新学期の朝。 むつを起こすと、泣き出した。
原因は、わかっている。 でも、とぼけてそれについて触れず、 「あら、泣いてないでご飯食べな〜」
のんはすでにさっさとご飯を終わらせて、洗面所に向かう。 むつだけが、布団の上で泣いている。
「ご飯食べて、元気に行っておいで」 と言ったとたん、むつが言う。
「よーちえん、いかないーーー おかあちゃん、すきだから、 もっとおかあちゃんといたいのよーーー」
あらあらあら、ありがとう、嬉しいわ。 でも行かないとね。
あっさりと言い、椅子に座らせる。 こういう場合、決してむつの機嫌をとったり「どうする?」なんていう 態度をとってはいけない!!と思っているし、 まぁ、今日の様子はある程度…予想していたような、していないような…。
食器を下げたり、片づけたりしている私を、 時折見ては「うへーーーーん」と泣くむつ。
仕方ない、今日くらいはね、と洗面、着替えを手伝う。 「明日は、自分で元気にしようね」 と言うと、うん、うんと頷きながらまた 「でも、おかあちゃんといっちょにいたいのーーー」と泣く。
楽しい夏休みを過ごしたんだねぇ。良かったねぇ。
ただ、泣きながら支度を終えたら諦め(?)もついたのか、 のんと並んで座ってETVをみながら、ふんふん♪と鼻歌。 「はい、いくよー」と声をかけると 自分でカバンを背負い、帽子を被って、 玄関にスタスタと行って靴を履いた。

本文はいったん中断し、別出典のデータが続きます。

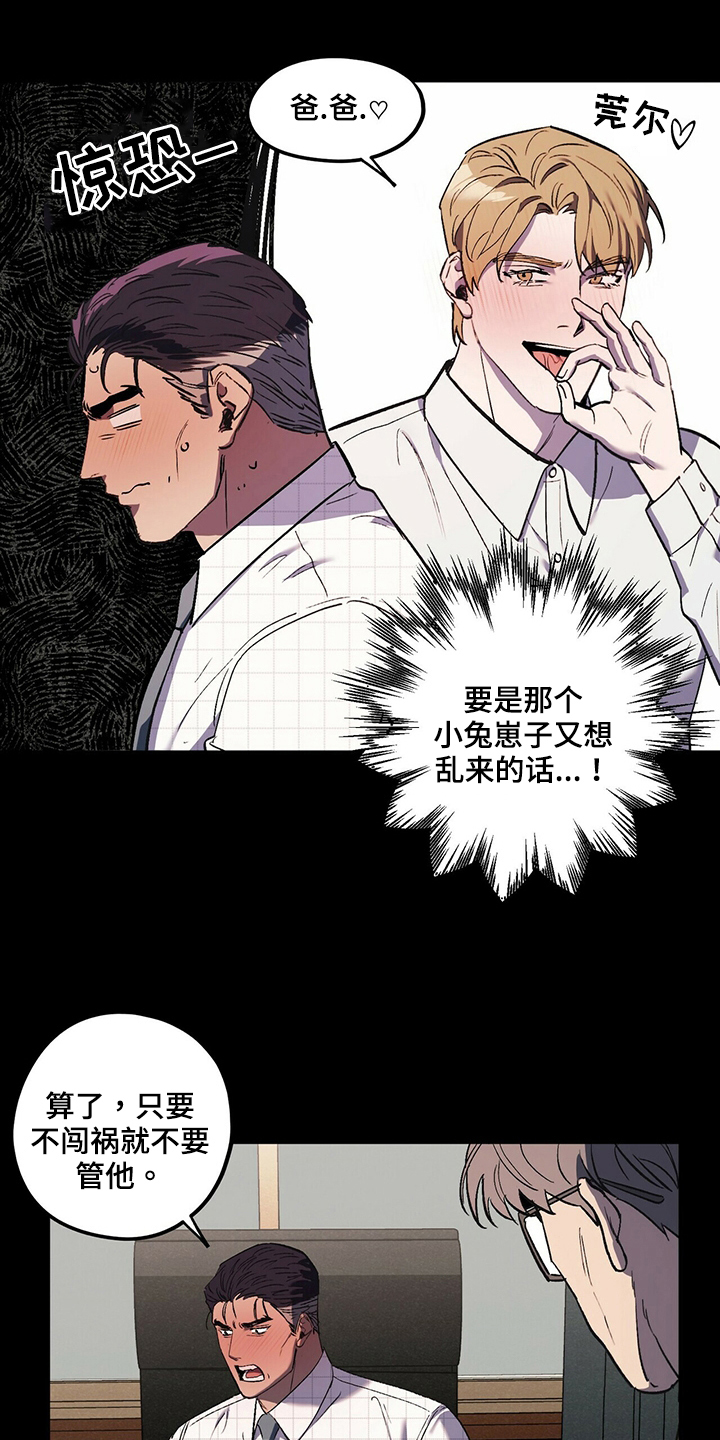 第40章：尴尬12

玄関から出なくて、引きずって出るようなことは今までにない。 そう考えると、「ホントに行きたくないわけじゃないんだな・・・」と 思ったり。 ただ、ちょっと甘えて、ちょっと私に声をかけてもらいたいんだろうなぁ。
帰ってきた2人。 すっかり笑顔で、ホクホク帰ってきた。 先生から、旅行のお土産で飴を1つずつもらったという。 あら、まぁ。
始業式の日は、部屋で「夏休みに何をしたか」を ひとりずつ発表する事になっている。
「むちゃんやねぇ、さんりよ、ぴろろーらんどにいきまちた、って みんなにいったよ。 みんなが、ぱちぱちぱちって、してくれたよ!」
ふふふ。良かったねぇ。
ちなみに、のんの報告によると、 「のんちゃんが、むつちゃんと遊ぼうと思って部屋に行ったらね、 爪かじってて、ちっとも外に出てこなくってさ。 それなのに始業式の時には『のんちゃーーん!』って手を振るのよ」 だそうで。